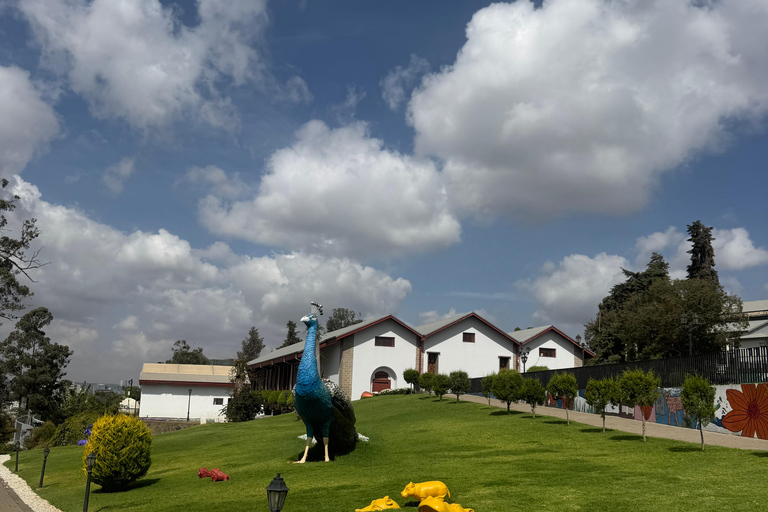 Addis Ababa Layover Tour: Unity Park, Coffee & Local Lunch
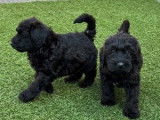 Sympathiques chiots Labradoodle non LOSH (deux femelles et quatre mâles) disponibles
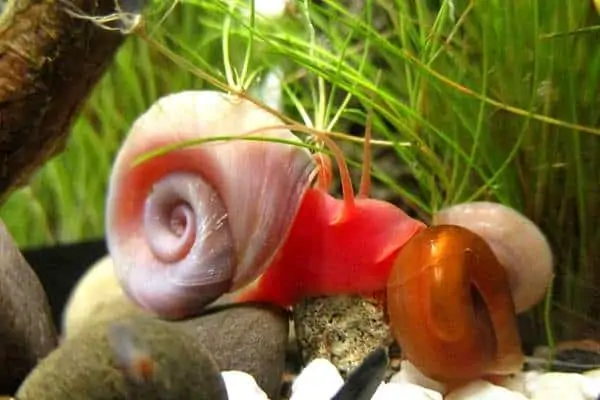Caracol cuerno de carnero Seminole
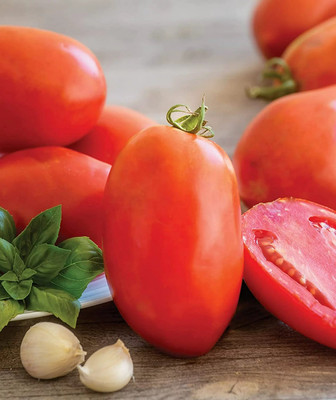 Quentova Gladiator Red Slicing Paste Tomato 5gm Seeds Seed(2000 per packet)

┄┄┄┄┄┄┄┄┄┄

Directions:
Repeat the listing above from its first line through the line that contains "Caracol cuerno de carnero Seminole", both included, and nothing more. Drop the pictures.

Answer to this exercise:
 Addis Ababa Layover Tour: Unity Park, Coffee & Local Lunch
 Sympathiques chiots Labradoodle non LOSH (deux femelles et quatre mâles) disponibles
Caracol cuerno de carnero Seminole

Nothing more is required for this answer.